# Question when selling kayak



## mishmosh (Jul 22, 2007)

The ODNR site says change in ownership of all registered boats must be done in person at a branch. Is this for the new owner or do I have to do it before the sale is finalized? Is the registration still good until the expiration date? Can I make a receipt saying I sold my kayak to so-and-so and let them do the paperwork?


----------



## Snakecharmer (Apr 9, 2008)

Registration is still good, new owner needs to go to branch to transfer title.


----------



## mishmosh (Jul 22, 2007)

Thanks for the quick response. That was the answer I wanted to hear! I was afraid I couldn't just take the payment and hand the kayak with papers over. I don't have a title for any of my kayaks but I do keep purchase documents.


----------



## Dragons4u (Jul 18, 2011)

They also have to have some kind of reciept showing they purchased it from you. Preferably something signed by you and the purchaser and notarized.

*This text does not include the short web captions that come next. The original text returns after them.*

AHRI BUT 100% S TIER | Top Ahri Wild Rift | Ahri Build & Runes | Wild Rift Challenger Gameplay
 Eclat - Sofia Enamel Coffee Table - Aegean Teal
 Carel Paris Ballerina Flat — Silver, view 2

Edit: Oops, didn't see you mentioned the reciept already, sorry. 
I just bought a used kayak close to a month ago and have had to go through all kinds of hoops because it had not been registered ever before. Not only do I have to have a reciept, but an inspection to have a HIN assigned as well.


----------



## F1504X4 (Mar 23, 2008)

When selling a kayak all you as the owner have to do is sign over the transfer section on the back of your registration, if its the larger green and white sheet of paper. Then just write up a bill of sale stating that you sold so and so the boat, MAKE MODEL HIN. Then both of you sign it. If you can get it notarized, then even better. The more of a paper trail/proof of a honest sale, the easier it will be.


----------



## mishmosh (Jul 22, 2007)

The last time I registered a kayak, I went to my local license bureau instead of the watercraft office. They only do boat licenses at certain hours of the day. In any case, they did not ask to see any proof of ownership, even though I brought in the Mfg statement of origin and purchase receipt. My other kayak was registered at the watercraft office and I had to show them some sort of proof.


----------